Efficient Path Planning and Task Allocation Algorithm for Boolean Specifications
Ioana Hustiu, Roozbeh Abolpour, Marius Kloetzer, Cristian Mahulea
TL;DR
This work develops a Petri-net–based framework for simultaneous path planning, task allocation, and Boolean final-state specifications in large multi-robot systems. By proving the constraint matrix is totally unimodular, it replaces NP-hard ILP with tractable LP/MILP relaxations while preserving integrality, enabling scalability to thousands of robots. It extends the TAPF problem to Boolean specifications and introduces a two-stage solver that uses synchronization points to guarantee collision-free execution. Extensive simulations on TAPF, Boolean specifications, and MAPF benchmarks validate strong scalability, competitive runtimes, and formal guarantees, bridging optimization-based TAPF and MAPF approaches for complex, large-scale coordination tasks.
Abstract
This paper addresses path planning and task allocation in multi-robot systems subject to global Boolean specifications defined on the final state. The main contribution is the exploitation of the structural properties of a Petri net model: we prove that the associated constraint matrix is totally unimodular (TU).
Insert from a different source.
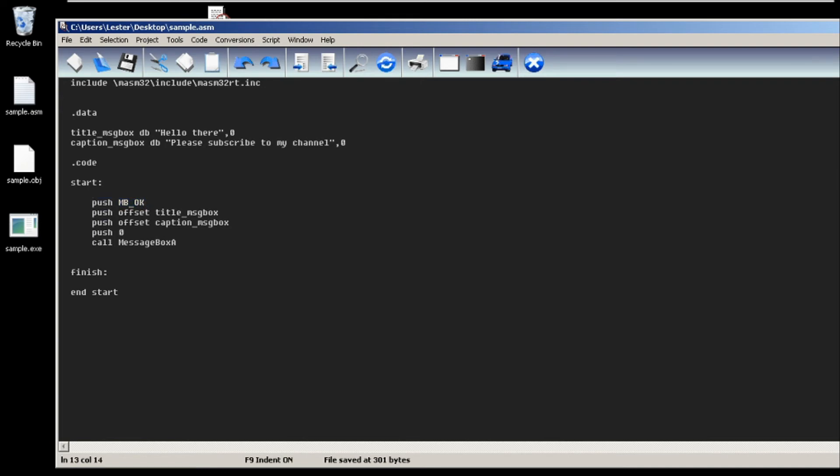Then we push the title of our message box and the caption of our message box. Lastly, we push zero. This will be zero if the message box has no owner window - this is not very important.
This property allows relaxing the original Integer Linear Programming (ILP) formulation to a Mixed Integer Linear Programming (MILP) in which all variables are continuous except for those that are corresponding to the atomic propositions in the Boolean specification. This yields a substantial reduction in complexity. In the special case where the specification is a conjunction of atomic propositions of cardinality equal to the team size, i.e., the standard Task-Assignment and Path Finding (TAPF) problem, the formulation reduces to a Linear Programming (LP). Collision-free paths are ensured by introducing intermediate synchronization points only when necessary, while robots move in parallel between them. These structural insights enable a computationally efficient and scalable solution, achieving tractability and safety for large-scale systems with up to 2500 robots.